◆ **TASK DETAILS**: Transcribe, starting at the line with "Ariat Ariat Anthem H2O - Dark Roast" and ending at the line with "Why cat sit on your laptop", every line of the material below exactly, but leave out the pictures and anything outside that span.

◆ **TASK INPUTS**:

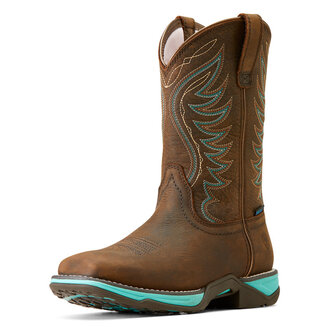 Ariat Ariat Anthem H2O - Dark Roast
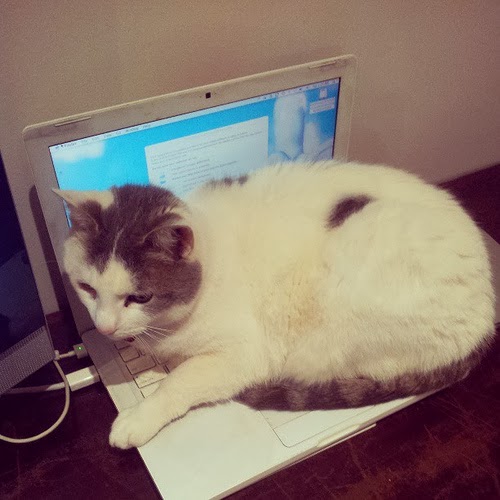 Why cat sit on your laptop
* * *
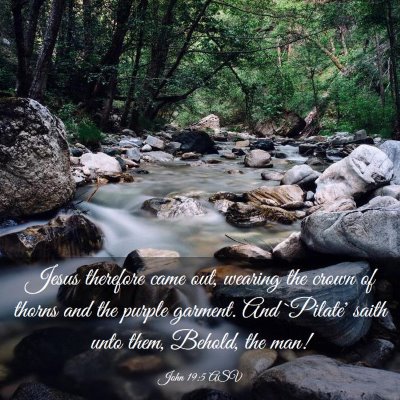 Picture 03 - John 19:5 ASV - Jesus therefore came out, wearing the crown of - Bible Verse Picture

◆ **RESULT BELOW**:
 Ariat Ariat Anthem H2O - Dark Roast
 Why cat sit on your laptop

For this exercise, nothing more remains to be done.